• Listed records:
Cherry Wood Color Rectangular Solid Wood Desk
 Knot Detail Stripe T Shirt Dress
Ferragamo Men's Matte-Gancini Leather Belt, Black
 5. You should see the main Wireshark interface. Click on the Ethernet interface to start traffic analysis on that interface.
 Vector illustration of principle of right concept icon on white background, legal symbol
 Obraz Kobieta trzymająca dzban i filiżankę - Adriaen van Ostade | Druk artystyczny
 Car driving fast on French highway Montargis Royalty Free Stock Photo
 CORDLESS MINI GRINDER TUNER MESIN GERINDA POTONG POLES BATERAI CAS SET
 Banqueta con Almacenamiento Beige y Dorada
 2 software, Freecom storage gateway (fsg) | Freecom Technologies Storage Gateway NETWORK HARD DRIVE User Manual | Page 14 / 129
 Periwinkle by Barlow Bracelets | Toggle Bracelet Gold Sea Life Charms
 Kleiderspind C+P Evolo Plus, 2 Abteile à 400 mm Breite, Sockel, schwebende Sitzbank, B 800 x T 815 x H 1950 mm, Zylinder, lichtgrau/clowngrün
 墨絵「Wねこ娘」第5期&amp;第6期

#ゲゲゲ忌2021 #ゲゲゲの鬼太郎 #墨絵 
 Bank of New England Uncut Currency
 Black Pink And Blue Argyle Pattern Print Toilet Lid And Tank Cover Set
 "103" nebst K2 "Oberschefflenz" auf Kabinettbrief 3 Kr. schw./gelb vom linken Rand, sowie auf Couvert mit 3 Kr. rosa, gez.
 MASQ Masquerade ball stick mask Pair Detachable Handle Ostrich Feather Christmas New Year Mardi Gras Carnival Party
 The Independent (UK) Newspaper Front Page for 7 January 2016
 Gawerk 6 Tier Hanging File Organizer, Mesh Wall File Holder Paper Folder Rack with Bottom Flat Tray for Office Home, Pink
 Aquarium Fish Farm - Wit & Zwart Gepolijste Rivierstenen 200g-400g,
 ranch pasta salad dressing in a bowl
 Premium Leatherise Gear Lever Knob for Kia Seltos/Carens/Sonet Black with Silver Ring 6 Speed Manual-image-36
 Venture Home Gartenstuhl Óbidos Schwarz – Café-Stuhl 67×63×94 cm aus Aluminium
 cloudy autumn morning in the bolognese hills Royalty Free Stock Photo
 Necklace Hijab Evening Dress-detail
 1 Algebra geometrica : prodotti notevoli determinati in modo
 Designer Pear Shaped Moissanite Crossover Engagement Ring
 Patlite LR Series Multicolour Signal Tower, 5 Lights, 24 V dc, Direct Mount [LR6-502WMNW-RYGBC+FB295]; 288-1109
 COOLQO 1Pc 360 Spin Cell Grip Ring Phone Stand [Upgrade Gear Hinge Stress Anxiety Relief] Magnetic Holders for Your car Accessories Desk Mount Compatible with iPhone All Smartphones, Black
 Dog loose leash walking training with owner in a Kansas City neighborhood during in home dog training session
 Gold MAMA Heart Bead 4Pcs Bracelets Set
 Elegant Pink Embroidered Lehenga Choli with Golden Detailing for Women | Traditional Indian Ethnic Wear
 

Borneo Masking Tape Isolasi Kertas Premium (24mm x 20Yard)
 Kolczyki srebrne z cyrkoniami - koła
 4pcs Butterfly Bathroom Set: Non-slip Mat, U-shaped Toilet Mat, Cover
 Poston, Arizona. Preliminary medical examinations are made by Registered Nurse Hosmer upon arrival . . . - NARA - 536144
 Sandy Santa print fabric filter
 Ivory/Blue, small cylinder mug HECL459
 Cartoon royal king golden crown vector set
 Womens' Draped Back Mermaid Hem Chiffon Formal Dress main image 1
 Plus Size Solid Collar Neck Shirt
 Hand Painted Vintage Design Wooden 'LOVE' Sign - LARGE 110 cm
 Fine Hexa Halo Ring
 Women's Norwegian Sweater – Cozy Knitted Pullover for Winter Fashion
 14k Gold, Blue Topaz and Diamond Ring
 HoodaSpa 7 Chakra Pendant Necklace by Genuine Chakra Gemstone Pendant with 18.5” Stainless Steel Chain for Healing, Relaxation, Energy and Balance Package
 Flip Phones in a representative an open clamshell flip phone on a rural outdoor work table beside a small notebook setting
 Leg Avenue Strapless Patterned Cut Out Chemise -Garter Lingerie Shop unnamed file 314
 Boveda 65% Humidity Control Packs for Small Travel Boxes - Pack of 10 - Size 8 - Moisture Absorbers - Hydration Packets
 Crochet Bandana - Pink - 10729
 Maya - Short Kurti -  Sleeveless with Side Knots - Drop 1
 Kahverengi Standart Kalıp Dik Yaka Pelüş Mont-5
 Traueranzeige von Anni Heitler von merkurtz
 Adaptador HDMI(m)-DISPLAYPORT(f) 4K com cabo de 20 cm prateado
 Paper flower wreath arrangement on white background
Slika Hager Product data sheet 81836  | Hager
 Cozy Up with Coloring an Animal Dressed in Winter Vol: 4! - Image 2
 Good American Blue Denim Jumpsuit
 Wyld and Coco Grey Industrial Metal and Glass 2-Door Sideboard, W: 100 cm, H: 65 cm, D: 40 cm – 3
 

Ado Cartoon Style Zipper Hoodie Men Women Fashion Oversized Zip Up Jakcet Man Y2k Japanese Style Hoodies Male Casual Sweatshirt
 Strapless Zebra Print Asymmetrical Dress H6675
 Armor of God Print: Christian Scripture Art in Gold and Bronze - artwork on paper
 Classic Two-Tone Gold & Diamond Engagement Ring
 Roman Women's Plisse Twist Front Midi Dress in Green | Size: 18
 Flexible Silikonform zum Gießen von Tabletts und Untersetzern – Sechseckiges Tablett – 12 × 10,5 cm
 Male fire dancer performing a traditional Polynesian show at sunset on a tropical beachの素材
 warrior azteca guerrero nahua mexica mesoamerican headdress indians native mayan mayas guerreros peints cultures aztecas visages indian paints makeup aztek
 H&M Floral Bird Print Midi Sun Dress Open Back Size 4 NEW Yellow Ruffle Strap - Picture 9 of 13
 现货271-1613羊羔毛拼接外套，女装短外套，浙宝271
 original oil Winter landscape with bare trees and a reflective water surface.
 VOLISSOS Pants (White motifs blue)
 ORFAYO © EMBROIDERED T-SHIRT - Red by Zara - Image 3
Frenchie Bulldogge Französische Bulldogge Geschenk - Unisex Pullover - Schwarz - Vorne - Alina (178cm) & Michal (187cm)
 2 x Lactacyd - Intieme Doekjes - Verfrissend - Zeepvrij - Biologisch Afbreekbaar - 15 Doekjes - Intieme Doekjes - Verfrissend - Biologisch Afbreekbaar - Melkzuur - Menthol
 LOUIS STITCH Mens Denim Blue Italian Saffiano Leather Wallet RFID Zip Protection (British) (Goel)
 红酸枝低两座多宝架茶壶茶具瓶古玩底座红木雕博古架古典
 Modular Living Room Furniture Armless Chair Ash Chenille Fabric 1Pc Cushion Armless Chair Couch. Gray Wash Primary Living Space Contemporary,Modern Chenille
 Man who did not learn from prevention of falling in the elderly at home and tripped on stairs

• Work order:
Within the listing above, give again exactly every line from the line with "#ゲゲゲ忌2021 #ゲゲゲの鬼太郎 #墨絵" through the line with "Sandy Santa print fabric filter", both included, and no other line.

• Exercise result:
#ゲゲゲ忌2021 #ゲゲゲの鬼太郎 #墨絵 
 Bank of New England Uncut Currency
 Black Pink And Blue Argyle Pattern Print Toilet Lid And Tank Cover Set
 "103" nebst K2 "Oberschefflenz" auf Kabinettbrief 3 Kr. schw./gelb vom linken Rand, sowie auf Couvert mit 3 Kr. rosa, gez.
 MASQ Masquerade ball stick mask Pair Detachable Handle Ostrich Feather Christmas New Year Mardi Gras Carnival Party
 The Independent (UK) Newspaper Front Page for 7 January 2016
 Gawerk 6 Tier Hanging File Organizer, Mesh Wall File Holder Paper Folder Rack with Bottom Flat Tray for Office Home, Pink
 Aquarium Fish Farm - Wit & Zwart Gepolijste Rivierstenen 200g-400g,
 ranch pasta salad dressing in a bowl
 Premium Leatherise Gear Lever Knob for Kia Seltos/Carens/Sonet Black with Silver Ring 6 Speed Manual-image-36
 Venture Home Gartenstuhl Óbidos Schwarz – Café-Stuhl 67×63×94 cm aus Aluminium
 cloudy autumn morning in the bolognese hills Royalty Free Stock Photo
 Necklace Hijab Evening Dress-detail
 1 Algebra geometrica : prodotti notevoli determinati in modo
 Designer Pear Shaped Moissanite Crossover Engagement Ring
 Patlite LR Series Multicolour Signal Tower, 5 Lights, 24 V dc, Direct Mount [LR6-502WMNW-RYGBC+FB295]; 288-1109
 COOLQO 1Pc 360 Spin Cell Grip Ring Phone Stand [Upgrade Gear Hinge Stress Anxiety Relief] Magnetic Holders for Your car Accessories Desk Mount Compatible with iPhone All Smartphones, Black
 Dog loose leash walking training with owner in a Kansas City neighborhood during in home dog training session
 Gold MAMA Heart Bead 4Pcs Bracelets Set
 Elegant Pink Embroidered Lehenga Choli with Golden Detailing for Women | Traditional Indian Ethnic Wear
 

Borneo Masking Tape Isolasi Kertas Premium (24mm x 20Yard)
 Kolczyki srebrne z cyrkoniami - koła
 4pcs Butterfly Bathroom Set: Non-slip Mat, U-shaped Toilet Mat, Cover
 Poston, Arizona. Preliminary medical examinations are made by Registered Nurse Hosmer upon arrival . . . - NARA - 536144
 Sandy Santa print fabric filter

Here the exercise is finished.